Chuck Hannigan is probably a pseudonym, possibly a Valnet bot. He “writes” click bait to generate traffic and chatter about their provocative articles, which are guaranteed to produce a reaction. He’s “written” the article for people like yourself. The article you read referred to a convertible Micra and a “$20,000 Elantra”. You can’t buy an Elantra in the UK, neither can you buy a Micra in the US. Its an old article, because it looks like the Hannigan script was updated around 2018.
Just like the article, its easy to stereotype based on a lack of knowledge.
There’s a bloke like that in Clacton
My first car was a Beetle (not the new type you understand) but now I drive an NC:thinking:
I’ve had four Mini Coopers, the modern BMW one, a Lambretta, a Vespa, two Triumph Spitfire’s and I have two MX5’s. Now where’s my hairbrush.
I forgot about the Lambrettas, I had two.
We were hard cases back then, with our furry hooded parkas and furry covered seat and backrests.
I write a jokey, five line “Cartoon” and get a five paragraph “Lecture” in return!
Lighten up, get a sense of humour and the ridiculous!

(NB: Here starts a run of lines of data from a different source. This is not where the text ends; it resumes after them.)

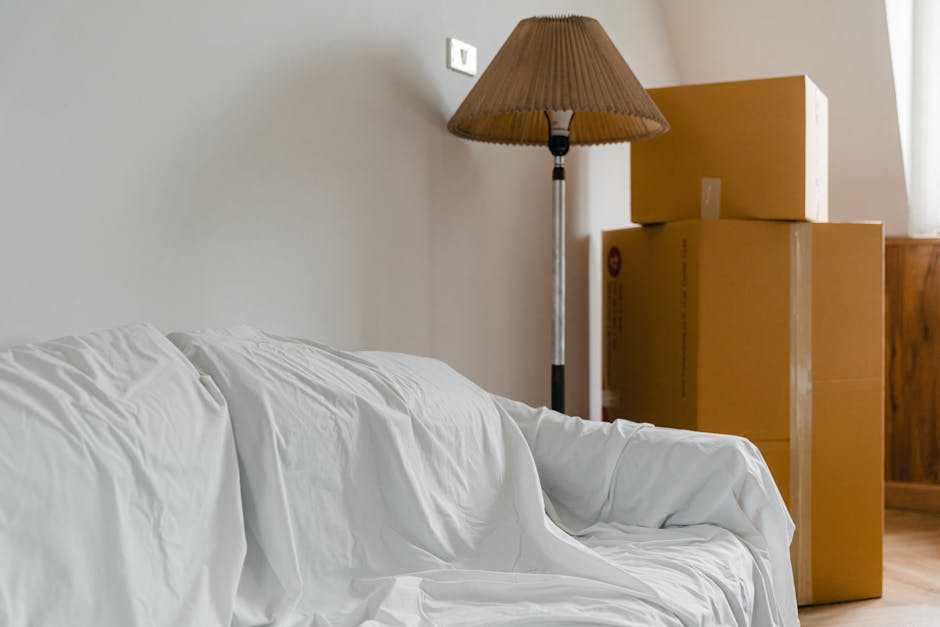 A light grey transit van parked on an unpaved area with its rear doors open, revealing wooden furniture pieces and supplies inside, such as wrapped chairs and cardboard boxes, indicating a home relocation or furniture transport process. The van is positioned on a slight incline with a loading ramp extending onto the ground, and various packing materials like plastic wrap and protective blankets are visible around the furniture. In the background, a semi-urban landscape features residential buildings, industrial structures, and a distant mountain range under a dusky sky. The setting suggests an active loading process during a house removal or moving service, exemplified by the company Man With a Van Beddington, operating in the context of last-minute removals in Beddington, South London.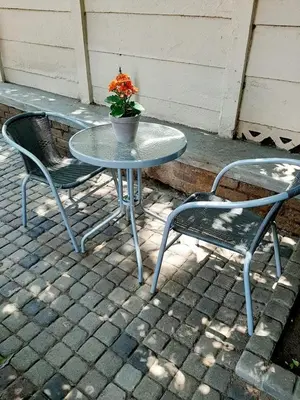 two chairs and a table with a potted plant on it at Sweet Home Alibama in Nelspruit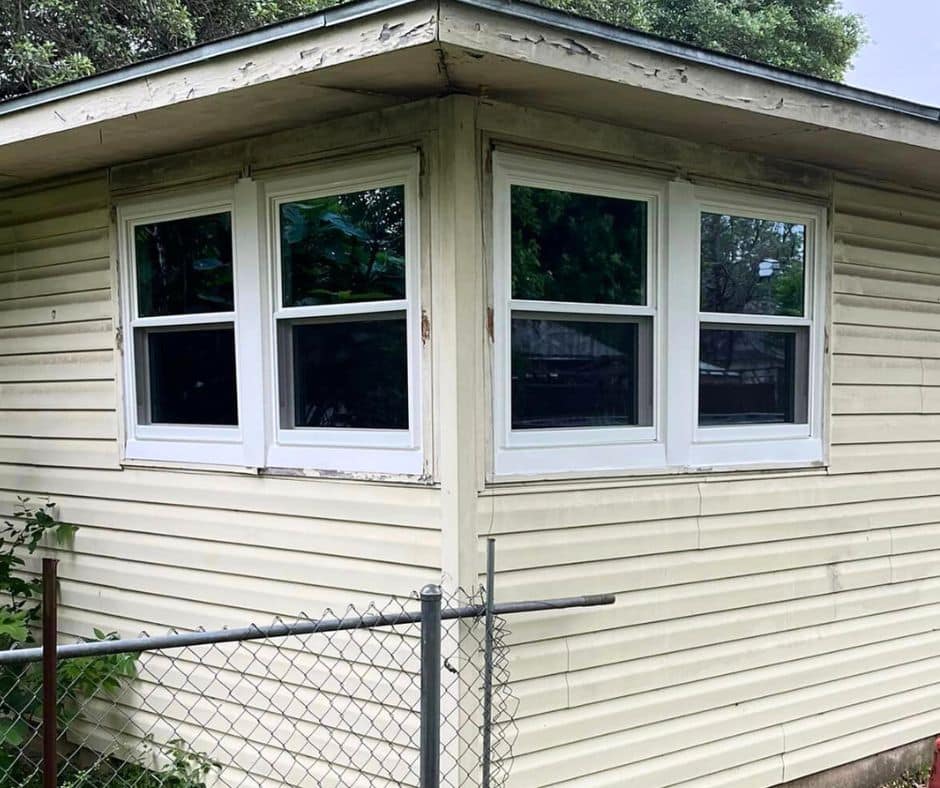 Outside view of new white double hung windows on the corner of a tan house.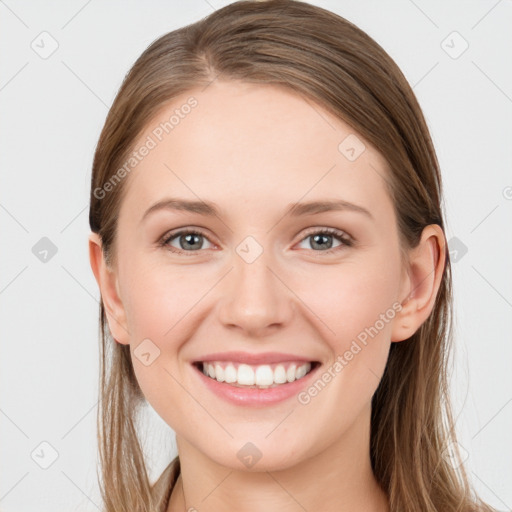 Joyful white young-adult female with long  brown hair and blue eyes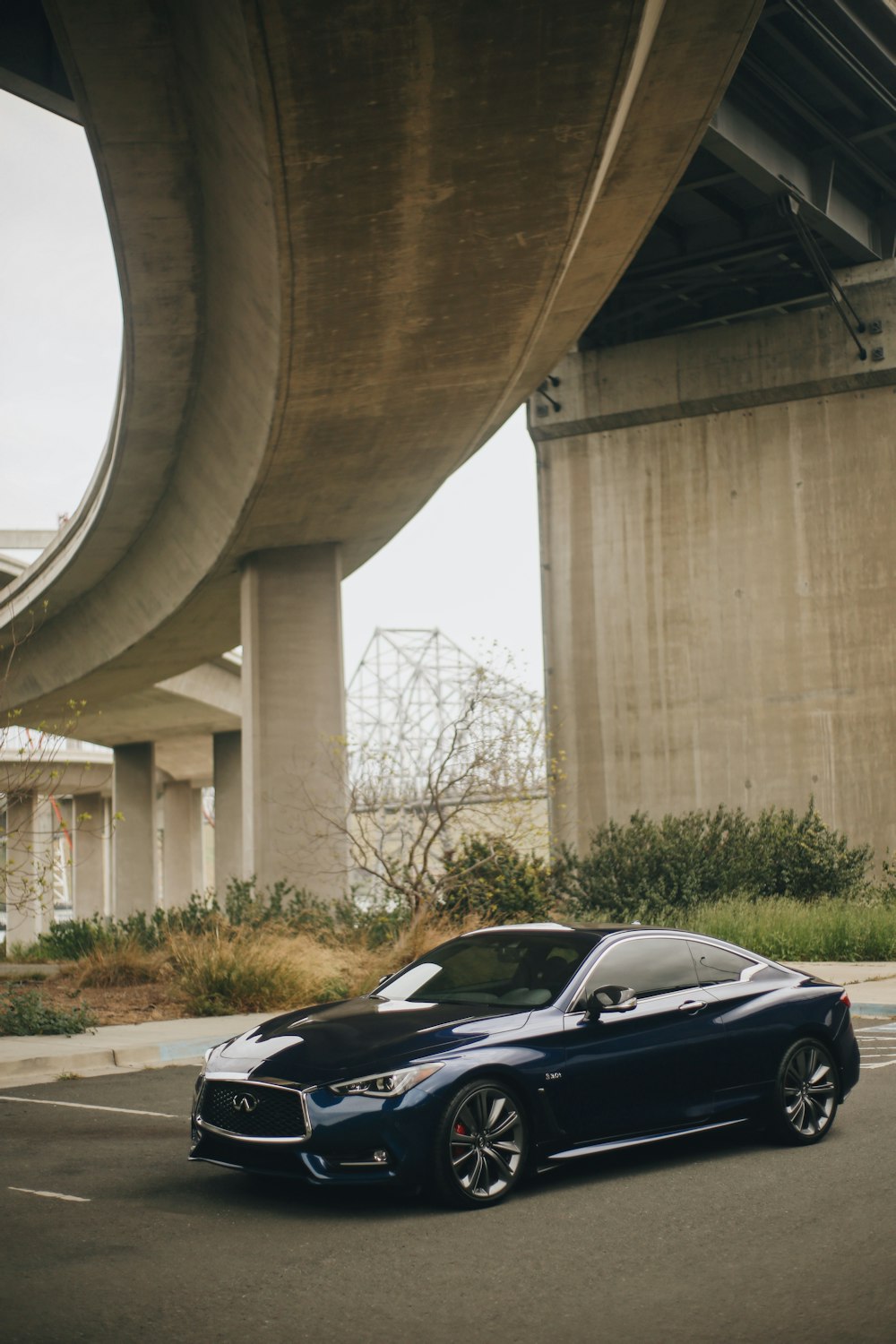 black coupe parked near brown concrete building during daytime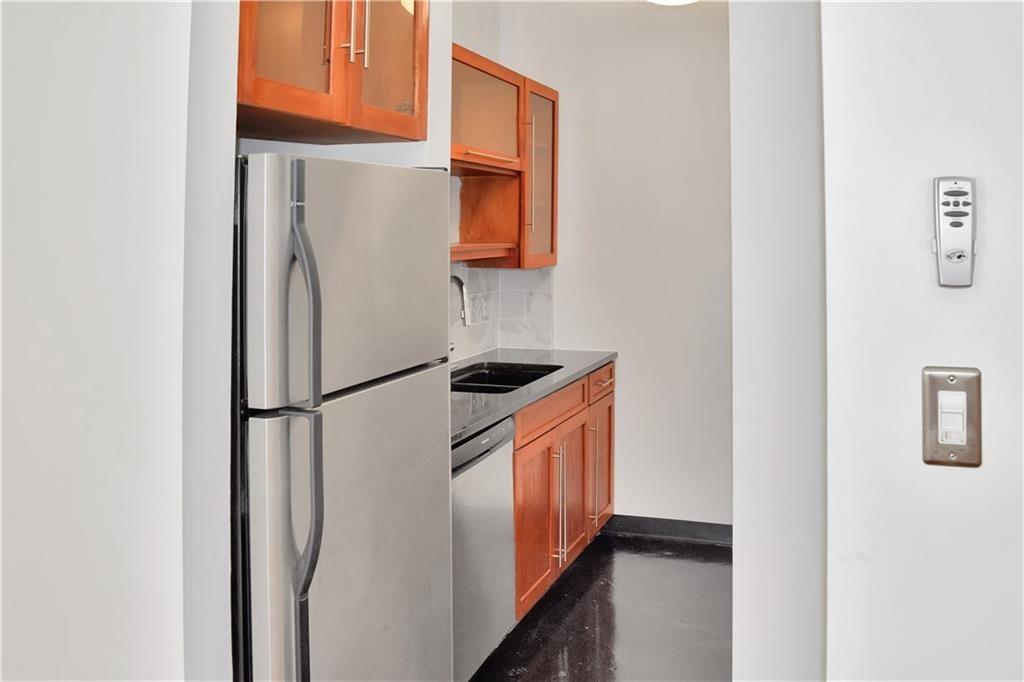 120 Ralph McGill Boulevard Northeast, Unit 402 Atlanta, GA 30308 - Photo 12 of 38 a white refrigerator freezer and a stove sitting inside of a kitchen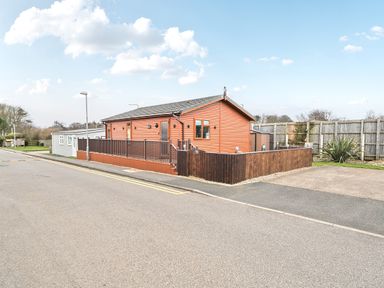 A house with a wooden fence and driveway at 311 Bridlington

I wonder what would be considered " Manly Cars " , maybe an E Type , or a Mustang GT, a Sherman Tank, Triumph TR6, or a top of the Range Range Rover, Black and Chrome, Black Mag wheels, Blacked out windows, and a personal No plate which reads B1G B0110CK5, a Rover SD1 , but my money is on the manliest of all manly cars , the Aston Martin DB5
Sorry. I forgot to thank you for your “gun-totin’” American friend’s CV, unfortunately I’m not hiring game-keepers, mercenaries or assassins at the moment, but if ever I do I’ll bear him in mind.
He’s none of that. Currently he’s enaged in the fight against COVID-19.
He has never killed anyone.
Yeah, but PBs is not that much of a joke. Think of them like the Brownshirts circa 1929. This is why Trump tellijg them to Stand back and Stand By was so controversial. He knew who they were, they have been listed by the FBI as an extremist organisation.
Lot of chat about a 3 year old fluff piece though.
You forgot the BBQ in the glove box.
There’s a few Pink and White Jimny’s in Essex, … Jellied Eels or Pie and Mash anyone?
Are those the “Molly Maid” ones do you reckon?